PROBLEM TO SOLVE:
All that should come back is the lines of the data below from the one containing "Ice Cream Truck" to the one containing "ZIG Clean Color", inclusive, exactly as they stand.

========

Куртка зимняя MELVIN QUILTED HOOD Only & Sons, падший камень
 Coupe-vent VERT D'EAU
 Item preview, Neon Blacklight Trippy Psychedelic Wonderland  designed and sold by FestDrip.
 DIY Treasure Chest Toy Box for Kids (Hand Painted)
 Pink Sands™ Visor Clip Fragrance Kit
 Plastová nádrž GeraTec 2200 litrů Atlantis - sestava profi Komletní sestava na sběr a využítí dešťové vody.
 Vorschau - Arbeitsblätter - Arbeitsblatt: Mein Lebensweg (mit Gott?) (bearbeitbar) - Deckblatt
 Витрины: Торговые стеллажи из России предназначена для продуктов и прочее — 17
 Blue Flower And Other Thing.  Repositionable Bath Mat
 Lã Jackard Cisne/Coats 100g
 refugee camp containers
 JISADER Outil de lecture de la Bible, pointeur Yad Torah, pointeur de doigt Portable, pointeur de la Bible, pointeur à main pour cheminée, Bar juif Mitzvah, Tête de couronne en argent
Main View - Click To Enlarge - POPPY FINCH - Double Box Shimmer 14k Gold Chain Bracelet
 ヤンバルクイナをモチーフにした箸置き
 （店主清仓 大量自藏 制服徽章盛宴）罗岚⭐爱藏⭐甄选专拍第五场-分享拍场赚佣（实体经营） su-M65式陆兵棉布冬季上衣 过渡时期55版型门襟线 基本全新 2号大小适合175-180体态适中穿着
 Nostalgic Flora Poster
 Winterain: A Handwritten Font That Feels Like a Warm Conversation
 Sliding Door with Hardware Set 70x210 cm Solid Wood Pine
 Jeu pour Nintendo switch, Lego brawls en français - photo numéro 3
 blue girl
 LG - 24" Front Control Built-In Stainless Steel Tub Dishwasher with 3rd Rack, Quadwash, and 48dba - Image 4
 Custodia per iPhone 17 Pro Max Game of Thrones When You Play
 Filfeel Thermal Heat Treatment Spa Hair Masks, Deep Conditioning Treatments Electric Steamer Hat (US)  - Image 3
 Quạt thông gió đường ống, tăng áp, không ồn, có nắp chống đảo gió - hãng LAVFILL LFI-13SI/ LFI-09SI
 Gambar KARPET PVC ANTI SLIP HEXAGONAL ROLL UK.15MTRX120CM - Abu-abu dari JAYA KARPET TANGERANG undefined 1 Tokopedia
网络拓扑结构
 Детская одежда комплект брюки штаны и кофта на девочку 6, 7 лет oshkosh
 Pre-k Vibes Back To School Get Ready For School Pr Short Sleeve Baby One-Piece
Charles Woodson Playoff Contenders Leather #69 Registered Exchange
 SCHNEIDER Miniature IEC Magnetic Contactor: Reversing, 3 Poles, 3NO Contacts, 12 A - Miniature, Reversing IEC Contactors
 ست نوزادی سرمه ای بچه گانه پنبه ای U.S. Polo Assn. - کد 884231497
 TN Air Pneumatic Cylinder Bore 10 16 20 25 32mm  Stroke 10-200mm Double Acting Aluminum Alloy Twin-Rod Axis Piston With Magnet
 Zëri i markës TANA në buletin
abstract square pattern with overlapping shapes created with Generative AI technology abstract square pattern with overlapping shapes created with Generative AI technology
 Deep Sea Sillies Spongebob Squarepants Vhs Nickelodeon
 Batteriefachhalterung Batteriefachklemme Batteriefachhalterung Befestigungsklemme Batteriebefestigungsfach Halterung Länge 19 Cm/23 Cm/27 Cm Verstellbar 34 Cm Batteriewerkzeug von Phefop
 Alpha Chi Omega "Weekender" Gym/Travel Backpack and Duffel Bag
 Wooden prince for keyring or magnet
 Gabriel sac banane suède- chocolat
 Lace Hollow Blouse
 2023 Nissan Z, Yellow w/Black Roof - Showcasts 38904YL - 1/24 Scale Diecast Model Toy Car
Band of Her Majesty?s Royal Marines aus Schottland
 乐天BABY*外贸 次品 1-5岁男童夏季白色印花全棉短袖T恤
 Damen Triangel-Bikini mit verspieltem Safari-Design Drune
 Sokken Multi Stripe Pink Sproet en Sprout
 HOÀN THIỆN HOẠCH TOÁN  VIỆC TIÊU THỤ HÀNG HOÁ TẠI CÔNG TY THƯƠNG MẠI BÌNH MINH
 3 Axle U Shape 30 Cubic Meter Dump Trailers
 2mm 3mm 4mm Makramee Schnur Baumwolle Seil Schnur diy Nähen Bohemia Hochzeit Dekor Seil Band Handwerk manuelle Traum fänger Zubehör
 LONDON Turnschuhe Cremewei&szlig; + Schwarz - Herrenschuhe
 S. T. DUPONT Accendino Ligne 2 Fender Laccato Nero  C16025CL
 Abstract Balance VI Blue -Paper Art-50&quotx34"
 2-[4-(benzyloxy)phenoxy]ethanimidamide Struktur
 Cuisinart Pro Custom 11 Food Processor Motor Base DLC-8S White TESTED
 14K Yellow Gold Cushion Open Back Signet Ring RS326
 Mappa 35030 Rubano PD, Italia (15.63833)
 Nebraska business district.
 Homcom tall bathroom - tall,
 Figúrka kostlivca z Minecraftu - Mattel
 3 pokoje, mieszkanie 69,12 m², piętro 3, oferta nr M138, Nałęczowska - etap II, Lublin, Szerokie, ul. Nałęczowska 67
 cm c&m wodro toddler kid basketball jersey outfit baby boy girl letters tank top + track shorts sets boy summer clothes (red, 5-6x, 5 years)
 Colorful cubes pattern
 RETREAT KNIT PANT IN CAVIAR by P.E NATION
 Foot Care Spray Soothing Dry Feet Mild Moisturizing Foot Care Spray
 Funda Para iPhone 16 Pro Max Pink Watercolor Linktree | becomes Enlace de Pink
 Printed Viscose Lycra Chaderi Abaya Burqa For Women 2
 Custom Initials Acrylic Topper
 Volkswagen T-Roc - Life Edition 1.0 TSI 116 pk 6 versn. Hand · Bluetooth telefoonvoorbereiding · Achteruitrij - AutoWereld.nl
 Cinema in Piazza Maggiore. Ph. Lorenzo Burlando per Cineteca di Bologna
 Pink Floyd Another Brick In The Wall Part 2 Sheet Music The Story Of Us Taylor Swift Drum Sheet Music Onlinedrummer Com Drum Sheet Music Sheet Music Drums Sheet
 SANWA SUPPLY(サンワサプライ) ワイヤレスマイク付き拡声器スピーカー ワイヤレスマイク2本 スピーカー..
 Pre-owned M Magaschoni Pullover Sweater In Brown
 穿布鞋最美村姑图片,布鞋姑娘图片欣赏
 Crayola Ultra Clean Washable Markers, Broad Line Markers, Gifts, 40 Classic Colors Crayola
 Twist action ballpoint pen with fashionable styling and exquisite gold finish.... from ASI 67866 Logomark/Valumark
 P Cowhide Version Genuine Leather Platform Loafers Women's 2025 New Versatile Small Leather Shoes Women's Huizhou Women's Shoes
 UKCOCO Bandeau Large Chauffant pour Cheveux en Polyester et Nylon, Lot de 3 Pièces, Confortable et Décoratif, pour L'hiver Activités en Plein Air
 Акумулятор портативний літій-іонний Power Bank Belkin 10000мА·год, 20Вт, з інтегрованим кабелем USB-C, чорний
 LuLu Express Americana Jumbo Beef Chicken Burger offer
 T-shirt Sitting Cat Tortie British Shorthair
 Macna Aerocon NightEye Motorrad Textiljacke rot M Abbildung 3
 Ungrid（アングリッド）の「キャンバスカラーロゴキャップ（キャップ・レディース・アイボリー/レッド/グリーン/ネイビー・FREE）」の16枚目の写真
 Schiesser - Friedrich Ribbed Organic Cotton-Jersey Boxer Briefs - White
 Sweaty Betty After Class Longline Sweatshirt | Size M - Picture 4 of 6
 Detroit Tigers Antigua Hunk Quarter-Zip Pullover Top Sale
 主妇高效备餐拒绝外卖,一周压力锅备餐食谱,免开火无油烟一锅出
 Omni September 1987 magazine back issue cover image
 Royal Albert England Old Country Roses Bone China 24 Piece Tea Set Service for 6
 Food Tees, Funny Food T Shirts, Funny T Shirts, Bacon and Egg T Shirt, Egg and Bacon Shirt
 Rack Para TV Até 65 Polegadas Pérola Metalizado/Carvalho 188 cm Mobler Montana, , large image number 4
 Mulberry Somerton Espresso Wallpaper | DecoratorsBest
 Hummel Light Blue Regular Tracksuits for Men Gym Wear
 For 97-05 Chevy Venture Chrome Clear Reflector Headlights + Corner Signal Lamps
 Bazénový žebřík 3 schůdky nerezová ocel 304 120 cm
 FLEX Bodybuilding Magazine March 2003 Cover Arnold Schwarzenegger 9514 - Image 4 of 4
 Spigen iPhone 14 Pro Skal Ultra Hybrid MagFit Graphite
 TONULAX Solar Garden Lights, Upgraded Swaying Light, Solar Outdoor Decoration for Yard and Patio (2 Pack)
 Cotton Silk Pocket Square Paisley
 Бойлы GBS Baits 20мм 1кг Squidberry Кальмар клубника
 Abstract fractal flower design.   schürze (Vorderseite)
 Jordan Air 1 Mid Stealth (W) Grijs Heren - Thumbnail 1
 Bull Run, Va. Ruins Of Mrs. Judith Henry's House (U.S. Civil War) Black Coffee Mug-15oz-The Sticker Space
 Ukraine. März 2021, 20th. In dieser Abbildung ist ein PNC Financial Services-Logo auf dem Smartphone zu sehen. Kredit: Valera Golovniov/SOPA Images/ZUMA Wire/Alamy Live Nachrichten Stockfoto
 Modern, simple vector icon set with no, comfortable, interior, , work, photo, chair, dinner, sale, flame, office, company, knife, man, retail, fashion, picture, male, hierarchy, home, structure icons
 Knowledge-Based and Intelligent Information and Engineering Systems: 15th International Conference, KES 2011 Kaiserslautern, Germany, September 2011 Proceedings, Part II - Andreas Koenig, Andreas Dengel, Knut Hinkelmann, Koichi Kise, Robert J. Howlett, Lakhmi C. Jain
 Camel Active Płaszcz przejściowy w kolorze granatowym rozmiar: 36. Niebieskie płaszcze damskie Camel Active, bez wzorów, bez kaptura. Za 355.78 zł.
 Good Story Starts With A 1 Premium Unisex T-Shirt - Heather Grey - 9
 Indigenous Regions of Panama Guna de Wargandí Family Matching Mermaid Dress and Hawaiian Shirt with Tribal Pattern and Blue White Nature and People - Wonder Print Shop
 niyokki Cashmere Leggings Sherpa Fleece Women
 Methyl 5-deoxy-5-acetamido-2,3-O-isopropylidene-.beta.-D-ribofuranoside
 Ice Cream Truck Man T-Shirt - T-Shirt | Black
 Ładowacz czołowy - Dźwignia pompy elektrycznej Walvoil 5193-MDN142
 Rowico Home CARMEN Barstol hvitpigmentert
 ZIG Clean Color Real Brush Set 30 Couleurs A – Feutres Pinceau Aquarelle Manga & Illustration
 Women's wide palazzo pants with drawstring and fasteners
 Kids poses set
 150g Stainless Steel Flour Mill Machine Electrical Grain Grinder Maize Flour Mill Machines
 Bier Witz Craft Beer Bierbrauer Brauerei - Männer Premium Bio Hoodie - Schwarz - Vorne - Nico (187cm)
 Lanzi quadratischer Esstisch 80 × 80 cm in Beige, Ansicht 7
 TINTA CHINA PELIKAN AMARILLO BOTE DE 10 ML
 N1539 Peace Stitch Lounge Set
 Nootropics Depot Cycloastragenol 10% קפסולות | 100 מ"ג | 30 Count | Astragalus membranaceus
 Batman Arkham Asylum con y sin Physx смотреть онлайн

========

RESPONSE AREA:
 Ice Cream Truck Man T-Shirt - T-Shirt | Black
 Ładowacz czołowy - Dźwignia pompy elektrycznej Walvoil 5193-MDN142
 Rowico Home CARMEN Barstol hvitpigmentert
 ZIG Clean Color Real Brush Set 30 Couleurs A – Feutres Pinceau Aquarelle Manga & Illustration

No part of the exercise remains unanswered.